Re: Hook function suggestion

• Previous message: richard offer: "Re: backward compat / access (was Re: Benchmarks)"
• In reply to: Amon Ott: "Re: Hook function suggestion"
• Next in thread: Amon Ott: "Re: Hook function suggestion"
• Next in thread: Steve Beattie: "Re: Hook function suggestion"
• Reply: Amon Ott: "Re: Hook function suggestion"
• Messages sorted by: [ date ] [ thread ] [ subject ] [ author ]

Amon Ott wrote:

> On Don, 19 Apr 2001 buddy wrote:
> > As an example, needing root privileges in order to (un)load modules doesn't make
> > me feel any safer, but apparently I'm more paranoid than you are. ;-) I'm worried
> > about all those people relying on their LKM notifying them of a root compromise,
> > and being owned all the same.
>
> One of my main reasons for saying 'Modules are not secure enough'. However, if
> all we have (or can get) is a modules interface, let's make the best out of it.

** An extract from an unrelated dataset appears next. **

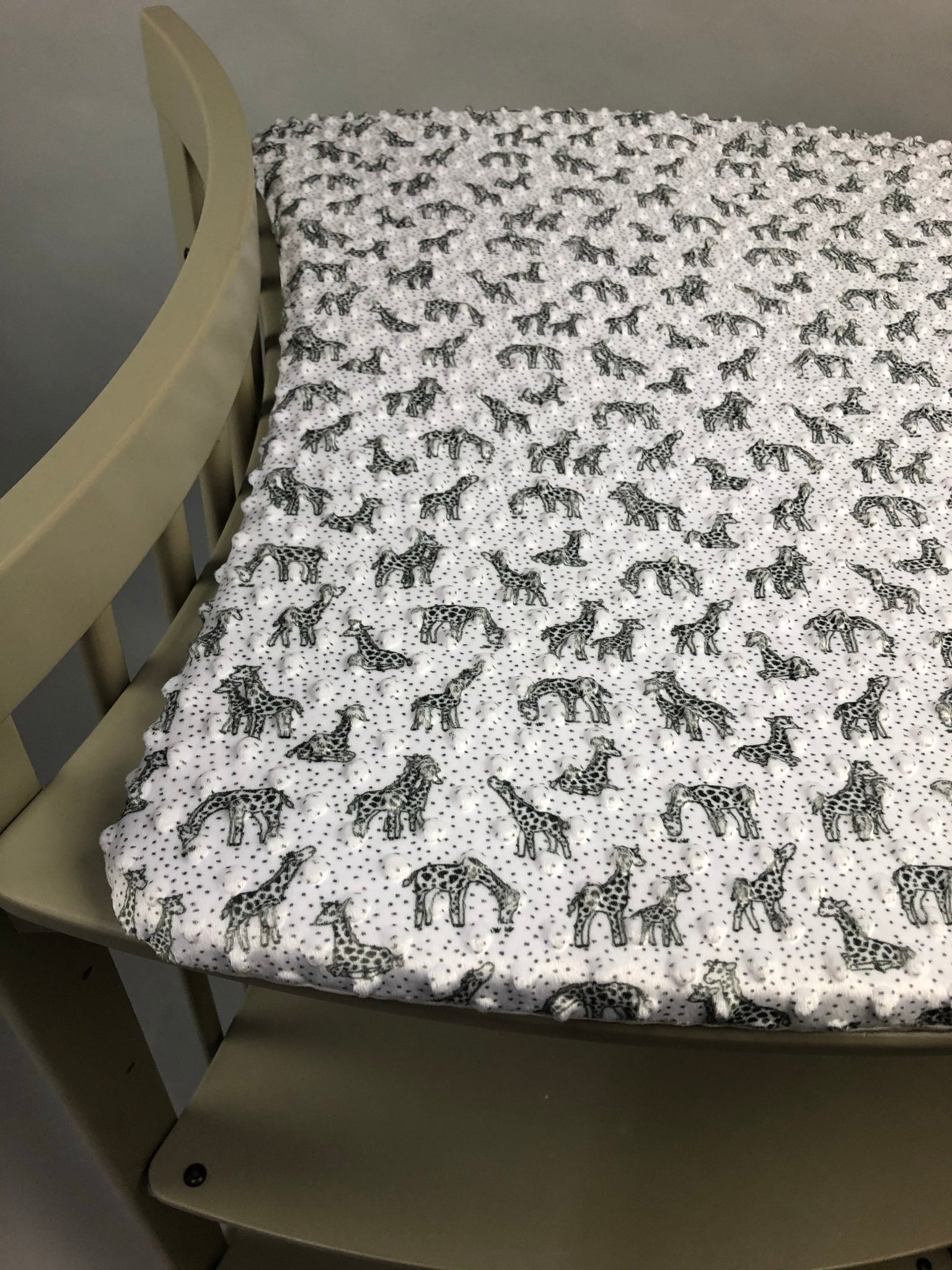 Twin pack - to fit Stokke New Care Change Mat Pad Cover White Minky with giraffes waterproof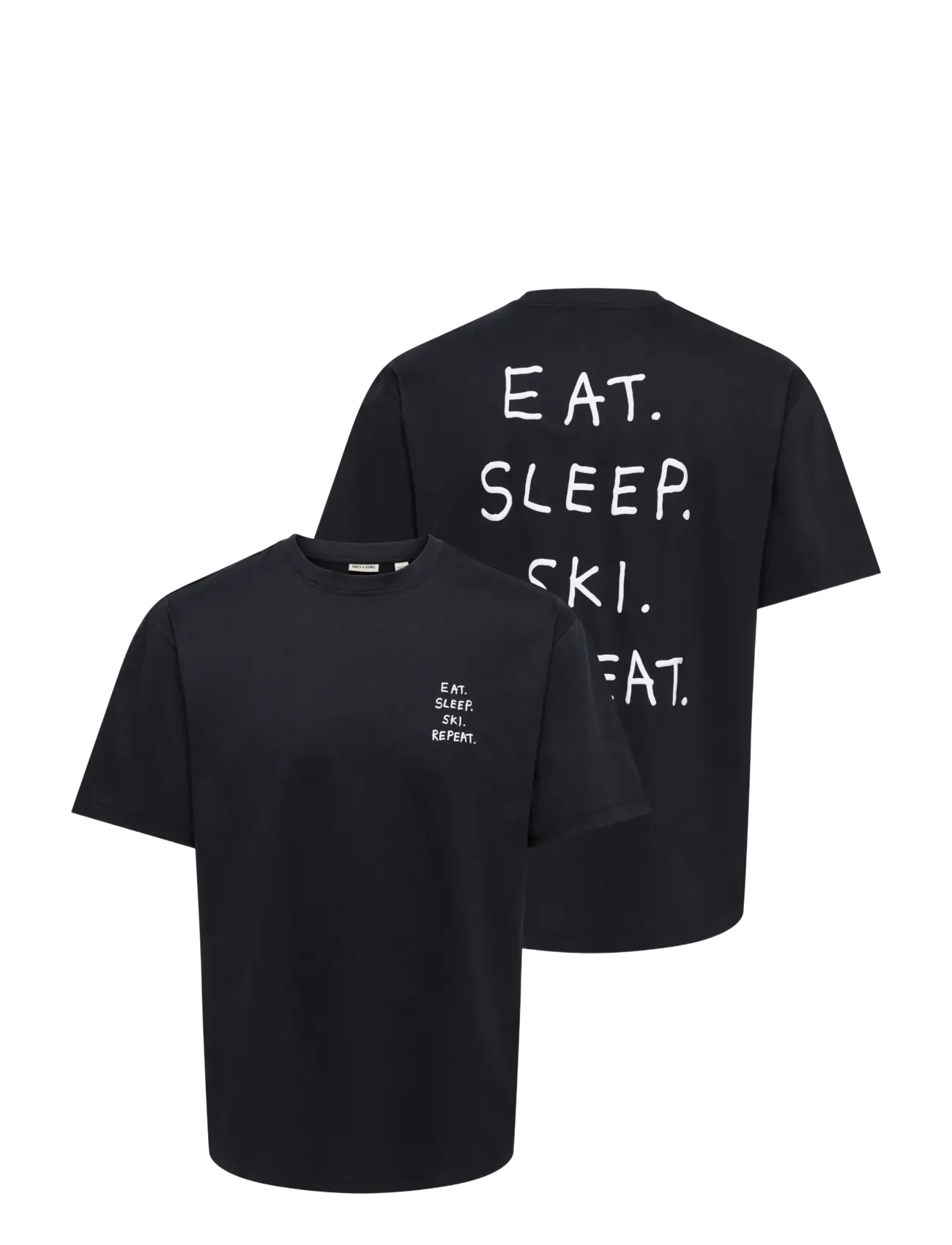 ONLY & SONS - ONSFRED LIFE RLX SS PRINT TEE VD - kurzärmelige t-shirts - black - 2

A module interface is all we can get out of the standard kernel.  Linux remains open
source, so you can do more (much more) on your own fork, elsewhere.  I heartily
encourage people to do so.

In particular, the validity of kernel modules is a very fine thing to work on.  The
catch is that validity is a cascading sequence of trust that goes all the way back to
the reset pin on the CPU (and right inside the CPU, if you are that paranoid).  It's
like this:

   * the CPU needs to validate a signature on the BIOS, to make sure it has not been
     flashed by an attacker
   * the BIOS needs to validate lilo (or whatever boot sector thingie) to make sure it
     has not been corrupted
   * lilo needs to validate the kernel, to make sure that /boot/vmlinuz has not been
     corrupted

Only then does it add value for the kernel to validate the LSM module, because only
then can you trust that the kernel itself has not been corrupted.  root can corrupt any
of these stages, so if we only harden the LSM interface, it just squishes the problem
elsewhere.

So, if someone wants to work on secure bootstrapping sequences, I suggest the
following:

   * check out Bill Arbaugh's PhD on secure bootstrapping sequences
     http://www.cs.umd.edu/~waa/aegis.html
   * talk to Bill (cc'd);  I happen to know that he has a grad student working on this
   * help them develop the secure bootstrap in the Linux BIOS project
     http://www.acl.lanl.gov/linuxbios/

When you're done, come back and chat to us about extending the secure bootstrap to the
LSM module.

There's a way to get this done right, but it doesn't start with LSM.

Crispin

--
Crispin Cowan, Ph.D.
Chief Scientist, WireX Communications, Inc. http://wirex.com
Security Hardened Linux Distribution:       http://immunix.org


_______________________________________________
linux-security-module mailing list
linux-security-moduleat_private
http://mail.wirex.com/mailman/listinfo/linux-security-module

• Next message: Andrew Morgan: "Re: Implementing hooks"
• Previous message: richard offer: "Re: backward compat / access (was Re: Benchmarks)"
• In reply to: Amon Ott: "Re: Hook function suggestion"
• Next in thread: Amon Ott: "Re: Hook function suggestion"
• Next in thread: Steve Beattie: "Re: Hook function suggestion"
• Reply: Amon Ott: "Re: Hook function suggestion"
• Messages sorted by: [ date ] [ thread ] [ subject ] [ author ]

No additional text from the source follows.